TASK:
Since only the total is wanted, give the number of lines in the listing below that hold the string "pour" and add nothing.

PROVIDED INFORMATION:
* * * * * * *

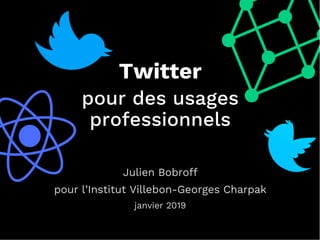 a
cTwitter
pour des usages
professionnels
Julien Bobroff
pour l’Institut Villebon-Georges Charpak
janvier 2019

* * * * * * *

OUTPUT BELOW:
2